Redaktor naczelny portalu mises.pl oraz członek zarządu Instytutu Misesa. Od 2011 r. doradca inwestycyjny, zaś od 2012 r. analityk rynku metali szlachetnych. Od 2012 r. jest doktorantem na Uniwersytecie Wrocławskim, gdzie pod kierunkiem prof. Witolda Kwaśnickiego przygotowuje dysertację na temat efektów Cantillona. Jego artykuły naukowe można znaleźć w prestiżowych czasopismach, takich jak „Studia Ekonomiczne” czy „Optimum. Studia Ekonomiczne”. Były szef KASE Łódź. W wolnych chwilach podróżuje i fotografuje. Więcej informacji można znaleźć na jego stronie osobistej: http://arkadiuszsieron.pl/.

  • Opublikowano: 16 maja 2014, 15:43

    Aktualizacja: 19 maja 2014, 15:20

  • 3
  • Powiększ tekst

Od początku kwietnia do końca lipca 2014 r. Polacy mogą wybrać, czy 2,92 proc. ich zarobków będzie trafiać do Otwartych Funduszy Emerytalnych, czy — tak jak reszta składki emerytalnej (85 proc.) — do Zakładu Ubezpieczeń Społecznych. Celem artykułu będzie analiza ewentualnych różnic przemawiających na korzyść jednej z tych dwóch instytucji. Omówimy także niektóre ważniejsze zmiany w systemie emerytalnym oraz argumenty za lub przeciw OFE.

Argumenty finansowe

Podstawowy argument odwołuje się do porównania stóp zwrotu pomiędzy ZUS-em a OFE. Zwolennicy funduszy wskazują na fakt, że historycznie te ostatnie osiągały wyższą stopę zwrotu niż ZUS i przewidują, że podobnie będzie w przyszłości . Przeciwnicy zaś podważają te wyliczenia oraz podkreślają, że wyniki OFE nie będą w stanie pobić waloryzacji zusowskiej, ponieważ w długim okresie nie jest możliwe osiąganie wyższych stóp zwrotu niż wzrost PKB .

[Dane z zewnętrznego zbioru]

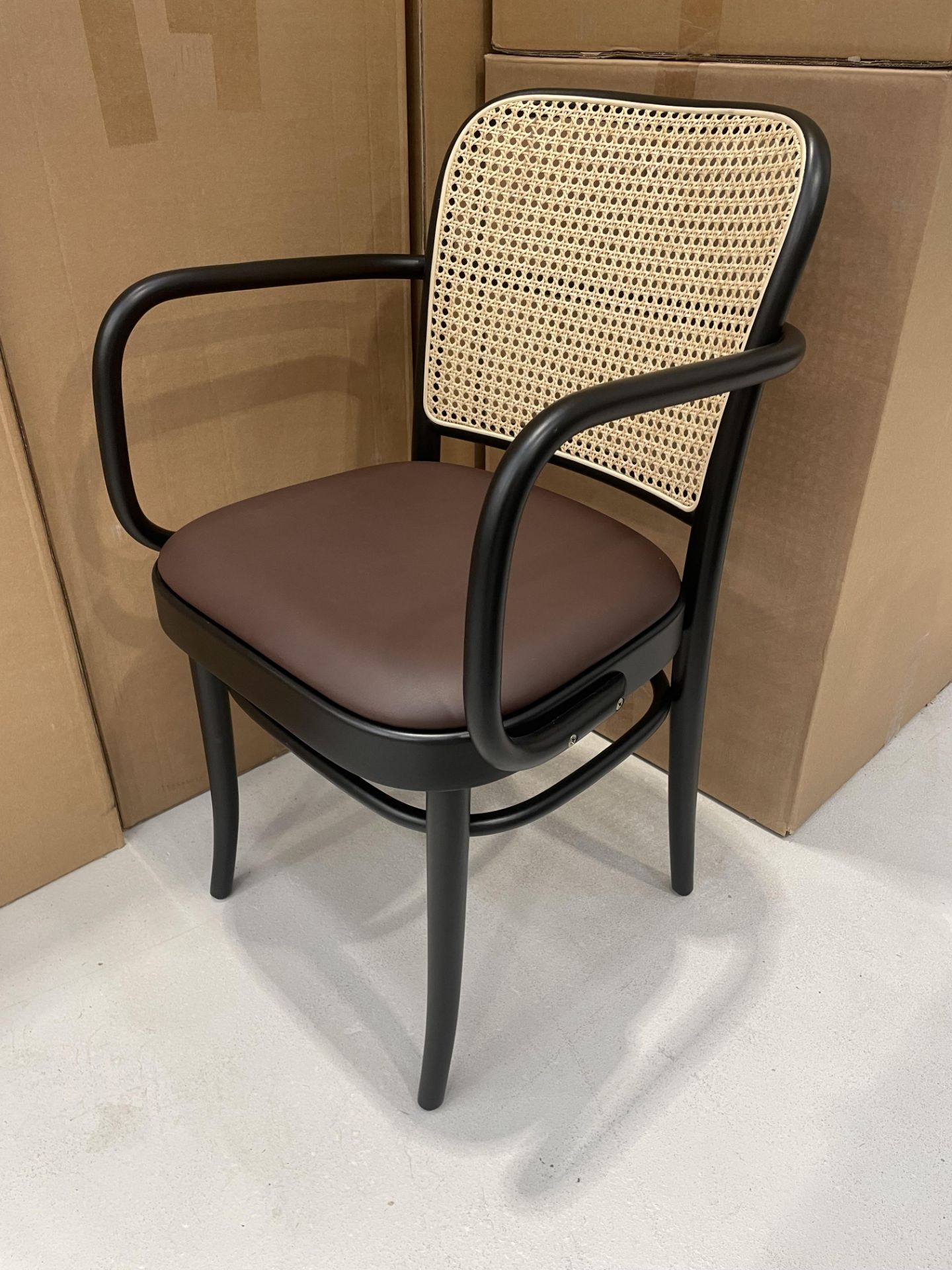 4x (no.) boxes tan rattan back chairs with arms (one chair per box)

Choć z indywidualnej perspektywy aspekt finansowy jest kluczowy, to jednak porównywanie stóp zwrotu z OFE i ZUS-u — do którego w dużej mierze sprowadziła się cała tzw. debata emerytalna — przypomina porównywanie jabłek do pomarańczy. Waloryzacja zależy bowiem całkowicie od czynników politycznych, dlatego mówienie o „stopie zwrotu z ZUS-u” jest nonsensem . Odkładanie składek na subkonto nie jest bowiem (przymusową) inwestycją — nie można inwestować w PKB. Innymi słowy, politycznej obietnicy określonej waloryzacji, choćby była ona jak najbardziej wiarygodna, nie można zrównywać z inwestycjami dokonywanymi na rynku finansowym. Waloryzacja może być bowiem arbitralnie zmieniania — teoretycznie zarówno w jedną, jak i drugą stronę. Biorąc jednak pod uwagę niezbilansowanie budżetu ZUS-u, można spodziewać się w przyszłości zmian zmniejszających współczynnik waloryzacji, co tylko pogłębia trudności związane z porównywaniem konsekwencji finansowych obu decyzji.

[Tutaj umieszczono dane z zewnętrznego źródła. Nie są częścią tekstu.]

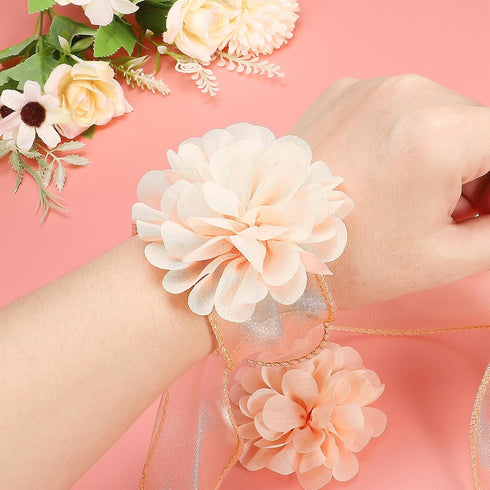 PATIKIL 3.9" Chiffon Flowers, 10 Pcs Mesh Fabric Flowers Sewing Fabric Appliques Headband Embellishments for DIY Craft Wedding Decor, Red...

Argumenty makroekonomiczne

Do obu instytucji środki trafiają pod przymusem. Istotna różnica tkwi w tym, co się następnie z nimi dzieje. Choć w obu przypadkach przyszłym emerytom w zamian za płacenie składek podczas okresu pracy obiecuje się otrzymywanie pewnego strumienia dochodów na emeryturze, to jednak składki zarządzane przez ZUS są przeznaczane na wypłatę bieżących emerytur. Dlatego choć z indywidualnej perspektywy porównywanie stóp zwrotu z OFE i ZUS-u może być uzasadnione, to jednak mówienie o „stopie zwrotu z ZUS-u” stanowi swego rodzaju błąd złożenia.

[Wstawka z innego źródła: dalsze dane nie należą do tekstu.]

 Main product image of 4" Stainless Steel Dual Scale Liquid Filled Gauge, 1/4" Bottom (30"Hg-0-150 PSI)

Z makroekonomicznego punktu widzenia środki wpłacane do ZUS-u są bowiem natychmiast konsumowane na wypłaty bieżących emerytur. Istnienie indywidualnego konta tego nie zmienia. Tymczasem środki trafiające do OFE są inwestowane w aktywa finansowe. O ile do czasu ostatnich zmian w praktyce nie miało to tak dużego znaczenia, ponieważ OFE były w znacznej mierze maszynką do skupywania obligacji skarbowych , o tyle obecnie fundusze mają zakaz inwestowania w obligacje skarbowe oraz instrumenty dłużne gwarantowane przez Skarb Państwa . Tym samym OFE stają się podmiotami, które mogłyby finansować produktywne przedsięwzięcia w ramach rzeczywistego systemu kapitałowego .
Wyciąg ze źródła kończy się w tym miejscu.